You need a solution, and quickly. Consider these points:

Internal communications staff are unlikely to solve the problem by themselves. Like a physician trying to operate on herself, internal personnel are poorly positioned to address communication issues. Ask your network to refer an outside group that has demonstrated the ability to work with a large and complex organization, listen more than prescribe, and deliver practical recommendations that can make a difference.

A technological fix doesn’t exist and never will. Technology can be wonderful, but it is never a cure-all. Systems that purport to simplify communications almost always create greater complication. Recognize that these challenges are human challenges and must be solved by human solutions.

The problem is rarely too little communication. Most often, health system stakeholders are deluged with an undifferentiated and incomprehensibly large volume of incoming information. Repairing communication often requires ruthlessly stripping away most of what people receive.

It starts with understanding, from the top. Leaders can be frustrated to realize how little is getting through. The communication is not falling upon deaf ears, though; just ears that have been overfilled and can’t take any more. An effort to improve and open communication is an act of strategic leadership.

Just remember one thing: As diverse as they may be, the stakeholders of a health system are united by the overriding goal of quality patient care. If you can connect all that you do to that sense of purpose—authentically—communications can improve dramatically.

What a Communication Diagnosis Includes

A communication diagnosis typically evaluates:

  • Leadership alignment and message clarity
  • Internal communication channels and overload
  • Cross-functional collaboration and silos
  • Employee understanding of strategic priorities
  • Consistency between internal and external messaging

The goal is to identify where communication breaks down and provide practical, prioritized fixes.

What a Communication Diagnosis Reveals

In our experience, communication failures are at the root of painful misalignments between strategic leadership and front line understanding. Most leaders assume their strategic priorities are clearly understood. Our assessments routinely reveal they are not.

In one integrated health system we assessed, only a minority of employees initially understood the strategic plan. After implementing a structured communication approach, 78% agreed that “the strategic plan has been communicated to me,” and 77% said they understood their role in achieving it.

Such efforts pay off directly in reduced recruitment costs, improved patient satisfaction scores, retention of key employees, quicker and more thorough integration of acquisitions, and adoption of change strategies. The first step? Understanding the problem.

Get a Communication Diagnosis for Your Health System

Yes& can perform in-depth communications assessments for institutions of any size. We have the experience of serving prestigious healthcare and academic brands, the diagnostic tools to surface hidden communication pitfalls, and the ability to deliver actionable, practical results unique to your institution.

Let’s start with a conversation to explore whether a communication diagnosis is right for your institution. Strengthen the connective tissue of your health system—with bottom-line enhancing results.

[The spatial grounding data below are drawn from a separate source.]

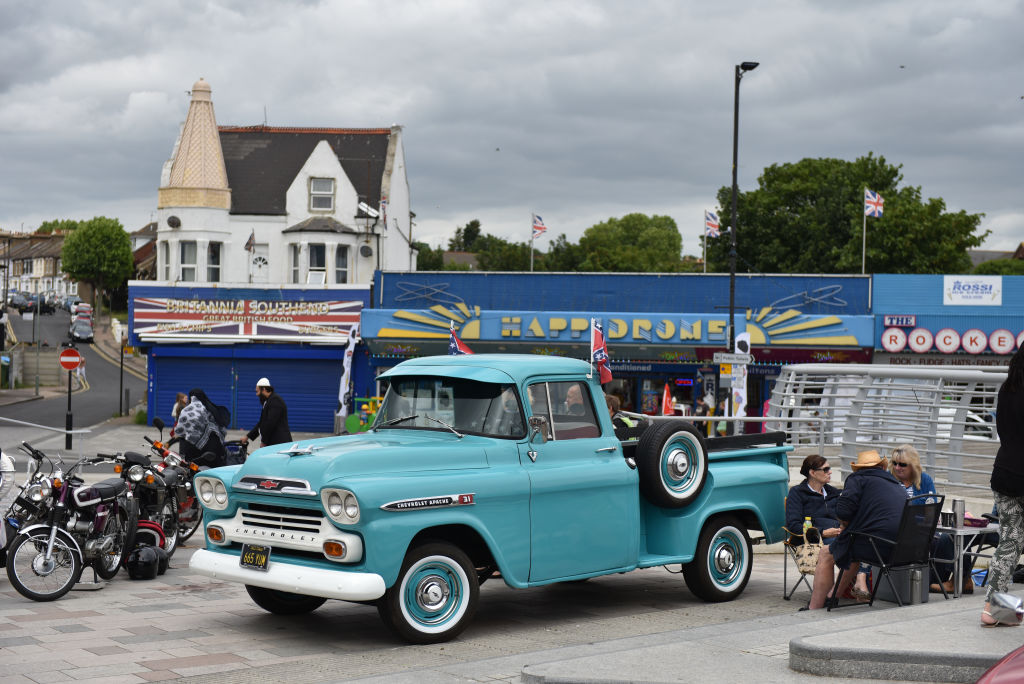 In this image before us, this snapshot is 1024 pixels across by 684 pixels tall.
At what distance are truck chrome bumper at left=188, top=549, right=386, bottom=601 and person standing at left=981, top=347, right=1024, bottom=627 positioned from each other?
4.07 metres

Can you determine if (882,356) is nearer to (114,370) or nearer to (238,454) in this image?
(238,454)

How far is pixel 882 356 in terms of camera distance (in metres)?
35.8

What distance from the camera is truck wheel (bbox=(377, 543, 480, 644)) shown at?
27.2 feet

Frequently Asked Questions

What is a communication diagnosis?

A communication diagnosis is a structured assessment of how information flows within an organization to identify gaps, misalignment, and inefficiencies.

Why is communication important in healthcare organizations?

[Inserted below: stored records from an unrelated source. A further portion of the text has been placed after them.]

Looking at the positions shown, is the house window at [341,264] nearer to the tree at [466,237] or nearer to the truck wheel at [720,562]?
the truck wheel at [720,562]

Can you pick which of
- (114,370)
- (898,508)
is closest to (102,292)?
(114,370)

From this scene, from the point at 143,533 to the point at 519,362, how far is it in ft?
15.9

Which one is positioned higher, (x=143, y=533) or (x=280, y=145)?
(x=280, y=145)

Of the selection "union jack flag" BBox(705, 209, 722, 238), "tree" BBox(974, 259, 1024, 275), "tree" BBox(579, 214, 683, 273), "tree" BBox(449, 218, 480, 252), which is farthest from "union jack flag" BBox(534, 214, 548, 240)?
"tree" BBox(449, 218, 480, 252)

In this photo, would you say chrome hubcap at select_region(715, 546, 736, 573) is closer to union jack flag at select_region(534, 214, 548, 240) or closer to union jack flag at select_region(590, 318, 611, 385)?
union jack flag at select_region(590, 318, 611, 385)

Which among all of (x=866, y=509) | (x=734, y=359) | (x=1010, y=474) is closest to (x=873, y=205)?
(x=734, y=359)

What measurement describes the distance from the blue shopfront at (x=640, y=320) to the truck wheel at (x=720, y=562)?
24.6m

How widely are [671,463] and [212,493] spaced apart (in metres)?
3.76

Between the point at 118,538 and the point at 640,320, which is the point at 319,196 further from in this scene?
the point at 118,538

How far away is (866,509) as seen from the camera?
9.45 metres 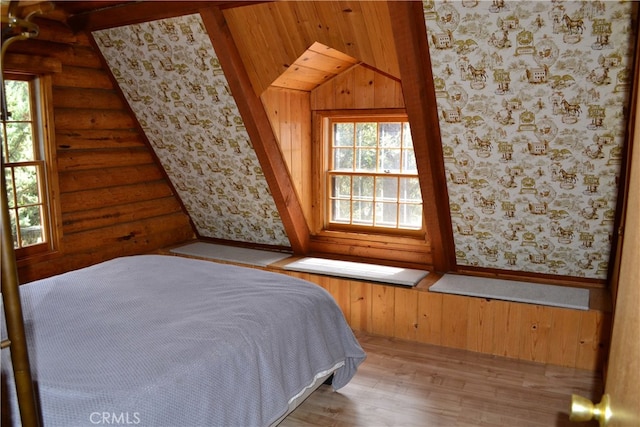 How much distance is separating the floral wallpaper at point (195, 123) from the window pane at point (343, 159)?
0.71 metres

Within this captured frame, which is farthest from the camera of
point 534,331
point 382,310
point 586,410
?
point 382,310

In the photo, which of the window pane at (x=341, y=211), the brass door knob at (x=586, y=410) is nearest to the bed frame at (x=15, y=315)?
the brass door knob at (x=586, y=410)

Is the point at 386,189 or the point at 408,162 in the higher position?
the point at 408,162

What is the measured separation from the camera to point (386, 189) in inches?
179

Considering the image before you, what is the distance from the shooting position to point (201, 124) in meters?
4.34

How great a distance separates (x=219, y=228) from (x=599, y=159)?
11.7 ft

Because care delivery depends on coordination across departments, poor communication can directly impact patient outcomes, staff retention, and financial performance.

What causes communication breakdowns in health systems?

Common causes include siloed departments, information overload, unclear leadership messaging, and inconsistent processes.

How do you fix communication issues in a hospital or health system?

By diagnosing root causes, simplifying messaging, aligning leadership, and improving how information is prioritized and shared.

Can technology solve communication problems in healthcare?

No—technology can support communication, but most issues are human and structural, not technical.